PREVIDÊNCIA
INSS amplia lista de doenças que dispensam carência para benefícios
Nova regra inclui 18 doenças e permite acesso sem as 12 contribuições mínimas
Publicado em 12/08/2026 às 09:59
Segurados do Instituto Nacional do Seguro Social (INSS) que enfrentam determinadas doenças passam a ter novas possibilidades de acesso aos benefícios por incapacidade. O Ministério da Previdência Social ampliou de 2026 o rol de enfermidades que permitem a concessão do benefício sem a exigência da carência mínima de 12 contribuições.
A mudança consta na Portaria Interministerial MPS/MS nº 15, de 3 de julho de 2026, publicada em edição extra do Diário Oficial da União em 24 de julho.

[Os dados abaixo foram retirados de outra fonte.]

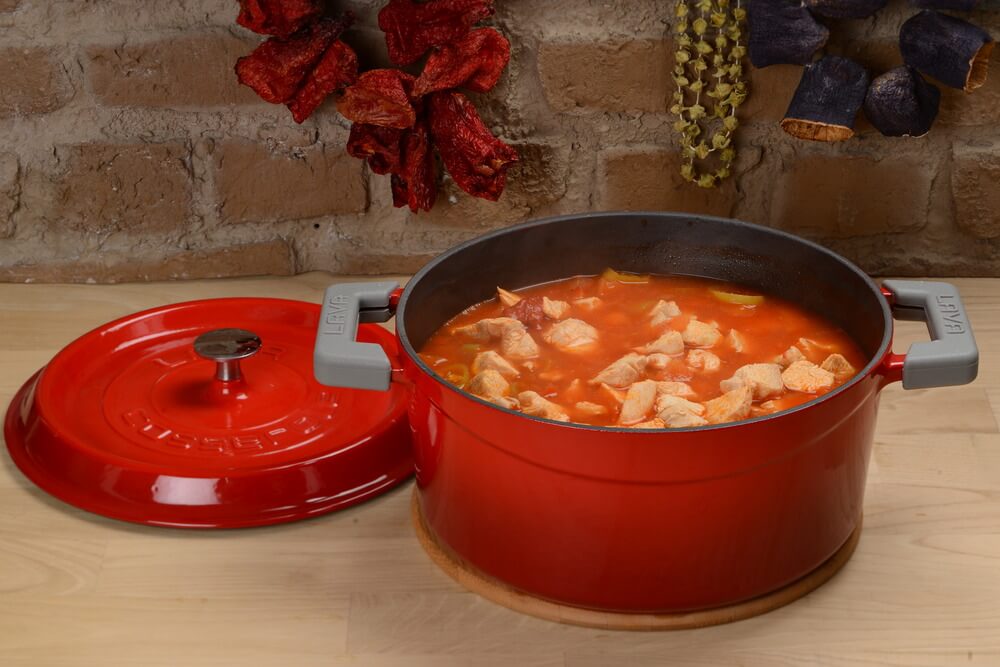 czerwone naczynie z żeliwa ALVA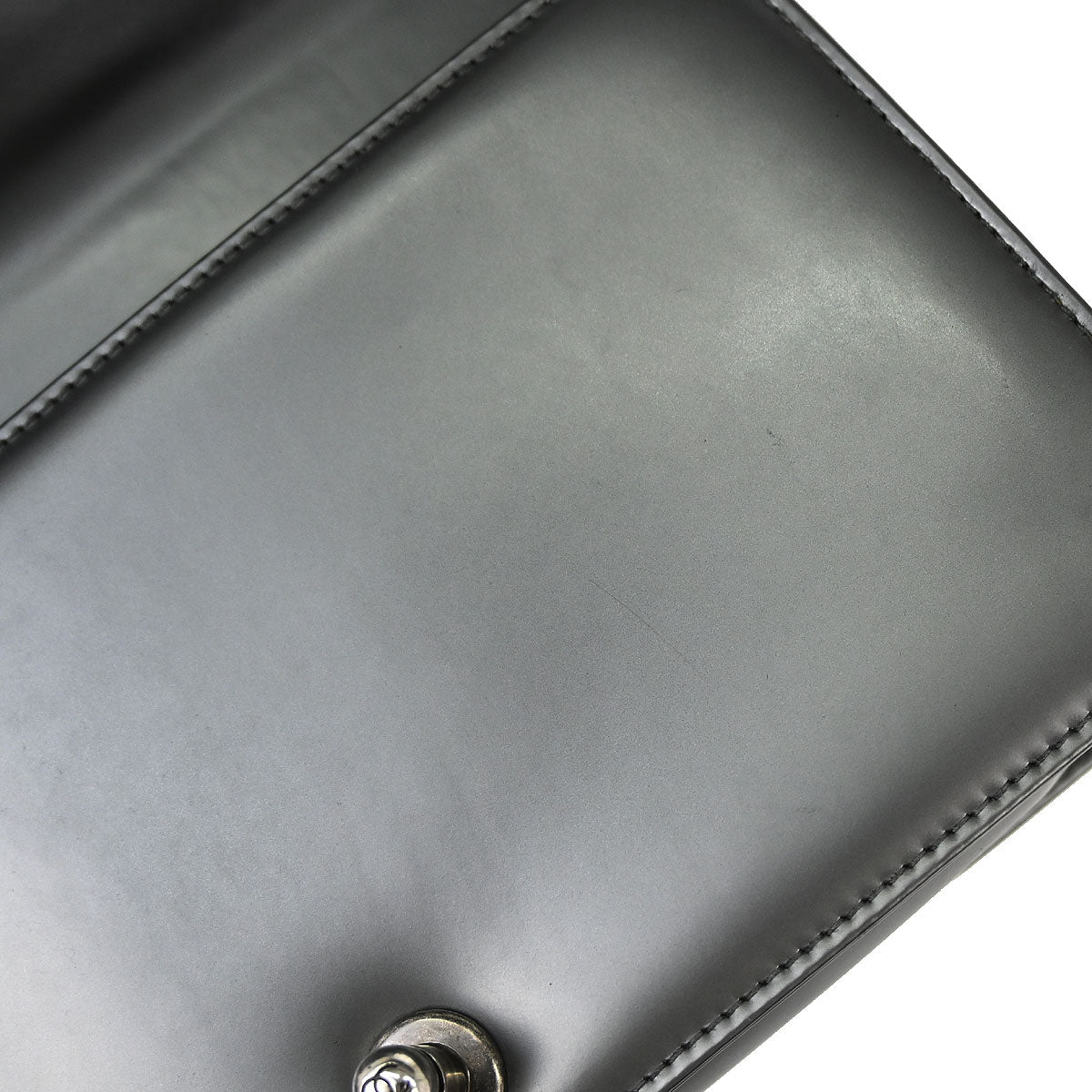 Boy Chanel Gray Patent Leather Medium Shoulder Bag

Ao todo, 18 doenças e condições de saúde passaram a integrar a lista. São elas:
- Tuberculose ativa;
- Hanseníase;
- Transtorno mental grave, desde que associado à alienação mental;
- Neoplasia maligna;
- Cegueira;
- Paralisia irreversível e incapacitante;
- Cardiopatia grave;
- Doença de Parkinson;
- Espondilite anquilosante;
- Nefropatia grave;
- Estado avançado da doença de Paget;
- Aids;
- Contaminação por radiação;
- Hepatopatia grave;
- Esclerose múltipla;
- Acidente vascular encefálico (agudo);
- Abdome agudo cirúrgico;
- Gestação de alto risco.
- Quem pode solicitar
A dispensa da carência não significa que qualquer pessoa diagnosticada com uma das doenças terá direito automático ao benefício. O segurado precisa manter a qualidade de segurado e apresentar uma enfermidade que resulte em incapacidade pelo período mínimo de 15 dias.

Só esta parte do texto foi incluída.